* _How to complete this task_
Set down the entries again word for word, without any of the images.

Task inputs: Begin

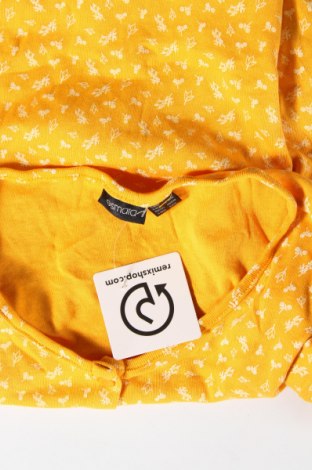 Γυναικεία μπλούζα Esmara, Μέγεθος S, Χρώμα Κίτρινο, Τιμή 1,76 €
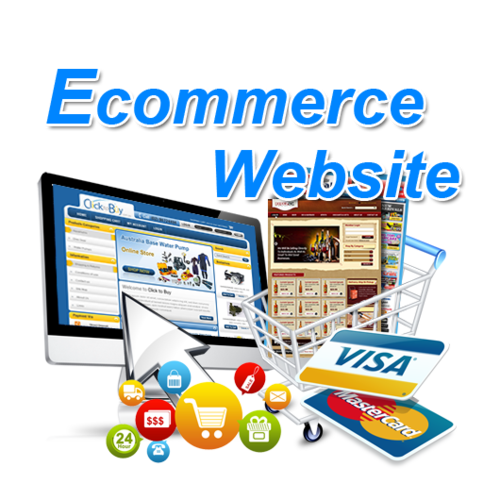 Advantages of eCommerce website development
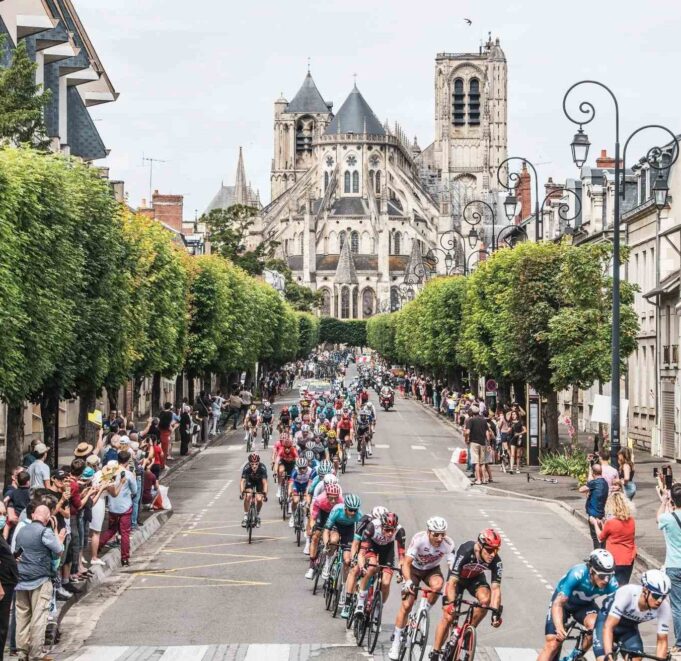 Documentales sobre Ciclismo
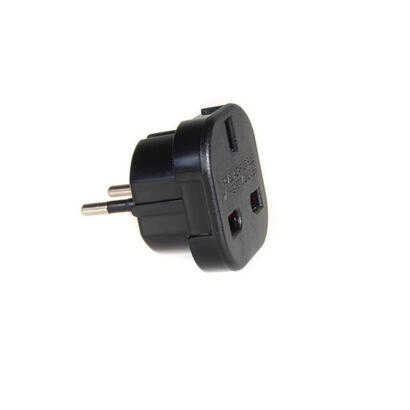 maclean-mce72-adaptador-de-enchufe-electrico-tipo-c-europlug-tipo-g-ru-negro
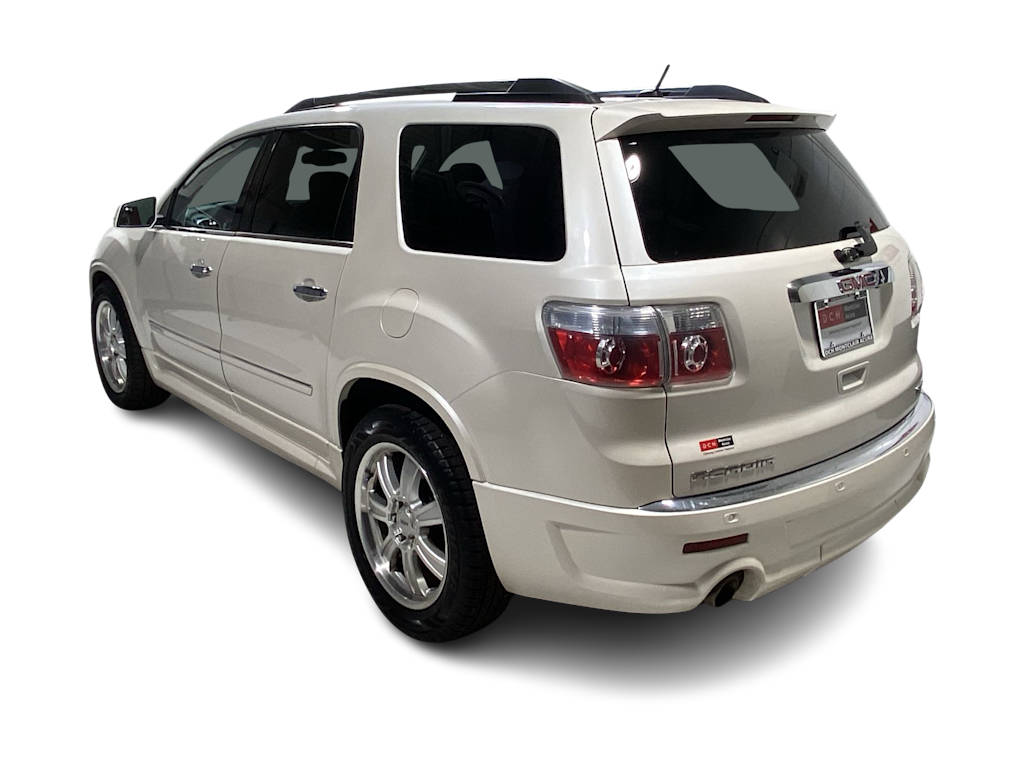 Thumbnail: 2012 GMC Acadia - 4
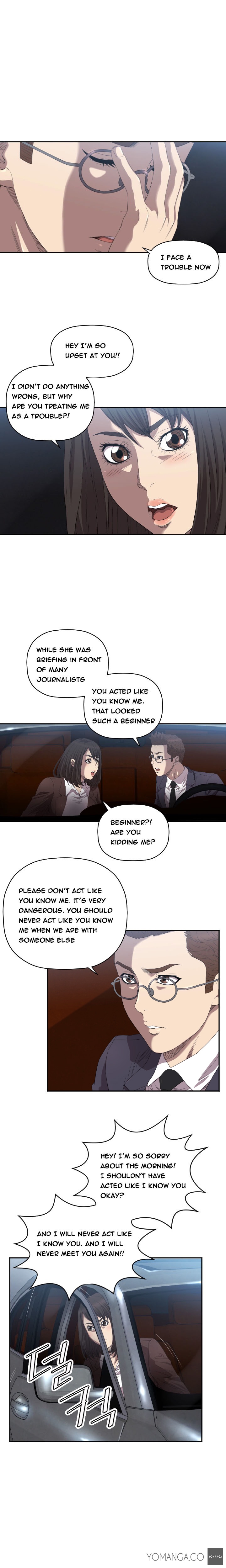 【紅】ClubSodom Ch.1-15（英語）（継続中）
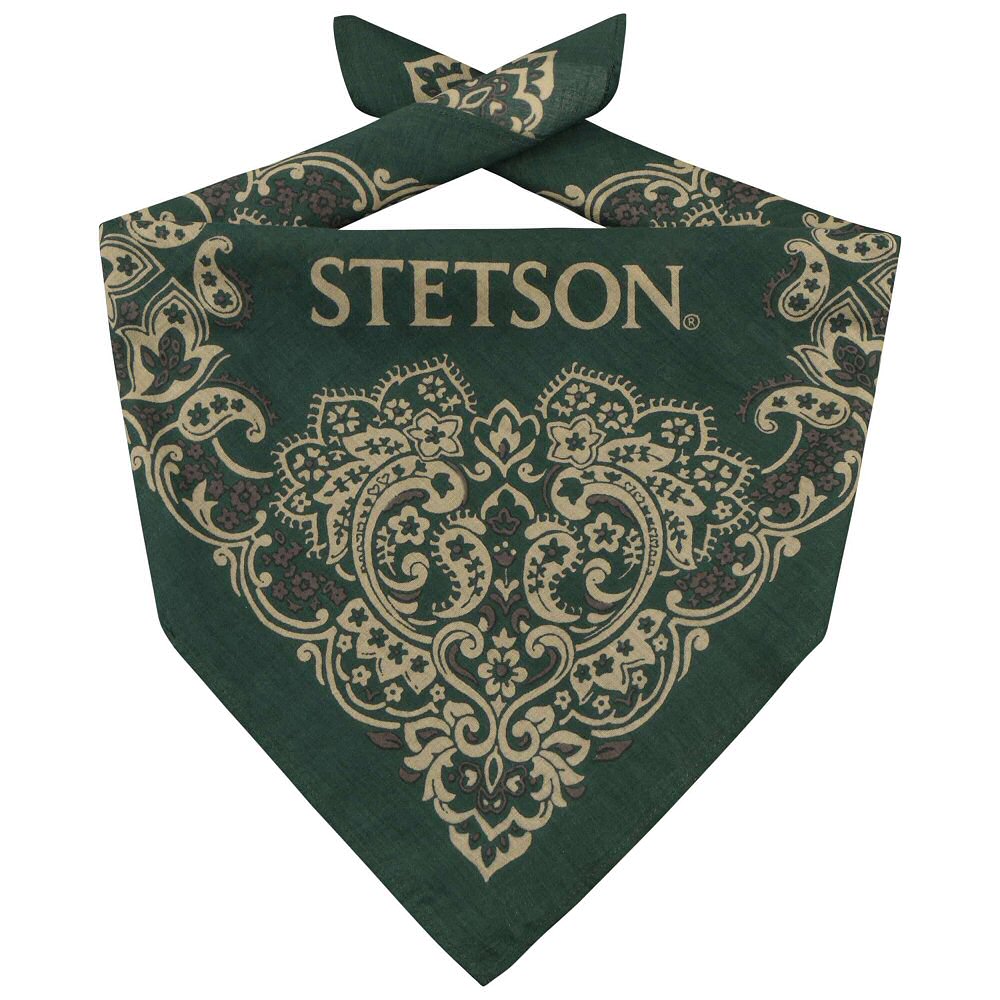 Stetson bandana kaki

Task inputs: End

* _Output_
 Γυναικεία μπλούζα Esmara, Μέγεθος S, Χρώμα Κίτρινο, Τιμή 1,76 €
 Advantages of eCommerce website development
 Documentales sobre Ciclismo
 maclean-mce72-adaptador-de-enchufe-electrico-tipo-c-europlug-tipo-g-ru-negro
 Thumbnail: 2012 GMC Acadia - 4
 【紅】ClubSodom Ch.1-15（英語）（継続中）
 Stetson bandana kaki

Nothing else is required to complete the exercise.